• [Requirement] Nothing but a number should be returned: the count of lines in the records that contain "from".

• [Exercise data]
--------------------------------

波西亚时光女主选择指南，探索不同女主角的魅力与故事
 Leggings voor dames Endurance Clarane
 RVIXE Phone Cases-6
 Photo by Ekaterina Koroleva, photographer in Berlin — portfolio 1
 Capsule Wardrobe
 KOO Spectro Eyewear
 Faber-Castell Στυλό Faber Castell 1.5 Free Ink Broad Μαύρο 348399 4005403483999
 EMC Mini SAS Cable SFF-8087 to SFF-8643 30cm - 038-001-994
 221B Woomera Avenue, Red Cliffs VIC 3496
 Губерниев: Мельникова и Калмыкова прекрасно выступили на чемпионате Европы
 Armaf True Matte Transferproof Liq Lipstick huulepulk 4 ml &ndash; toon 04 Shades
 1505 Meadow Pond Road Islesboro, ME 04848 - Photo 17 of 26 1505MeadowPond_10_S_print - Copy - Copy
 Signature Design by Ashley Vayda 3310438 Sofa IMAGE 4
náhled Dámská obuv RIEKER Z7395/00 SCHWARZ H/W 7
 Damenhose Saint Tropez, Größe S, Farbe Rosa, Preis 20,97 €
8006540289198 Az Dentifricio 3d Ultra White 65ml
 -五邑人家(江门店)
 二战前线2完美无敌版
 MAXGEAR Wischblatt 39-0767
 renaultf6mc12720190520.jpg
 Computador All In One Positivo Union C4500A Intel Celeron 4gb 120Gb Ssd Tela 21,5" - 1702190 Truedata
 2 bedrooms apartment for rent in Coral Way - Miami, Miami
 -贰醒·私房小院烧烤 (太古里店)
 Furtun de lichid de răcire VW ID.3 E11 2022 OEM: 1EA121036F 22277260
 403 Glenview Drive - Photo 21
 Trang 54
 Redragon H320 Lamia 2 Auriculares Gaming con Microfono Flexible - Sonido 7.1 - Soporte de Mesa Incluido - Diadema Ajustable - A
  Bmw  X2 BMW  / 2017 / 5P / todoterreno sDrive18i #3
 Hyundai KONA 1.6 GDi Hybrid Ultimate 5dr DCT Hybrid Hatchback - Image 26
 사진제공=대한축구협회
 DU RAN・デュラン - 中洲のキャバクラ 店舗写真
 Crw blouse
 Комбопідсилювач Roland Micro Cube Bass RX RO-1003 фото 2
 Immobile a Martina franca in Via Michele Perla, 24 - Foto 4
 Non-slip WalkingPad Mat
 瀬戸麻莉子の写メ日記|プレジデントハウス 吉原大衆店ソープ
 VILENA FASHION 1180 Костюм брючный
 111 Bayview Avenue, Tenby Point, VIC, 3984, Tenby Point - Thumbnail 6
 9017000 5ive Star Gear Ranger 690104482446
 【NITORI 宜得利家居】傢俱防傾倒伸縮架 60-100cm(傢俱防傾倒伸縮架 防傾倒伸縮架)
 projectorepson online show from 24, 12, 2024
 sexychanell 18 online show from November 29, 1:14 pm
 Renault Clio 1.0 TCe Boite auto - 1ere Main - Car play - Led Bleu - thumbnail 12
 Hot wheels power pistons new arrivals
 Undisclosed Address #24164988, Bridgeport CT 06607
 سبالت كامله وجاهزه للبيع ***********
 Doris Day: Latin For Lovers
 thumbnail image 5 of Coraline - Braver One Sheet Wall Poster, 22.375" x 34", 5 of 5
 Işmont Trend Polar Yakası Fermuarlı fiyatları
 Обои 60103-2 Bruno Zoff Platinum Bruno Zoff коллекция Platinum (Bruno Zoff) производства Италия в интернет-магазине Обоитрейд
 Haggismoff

--------------------------------

• [Solution to the problem] 2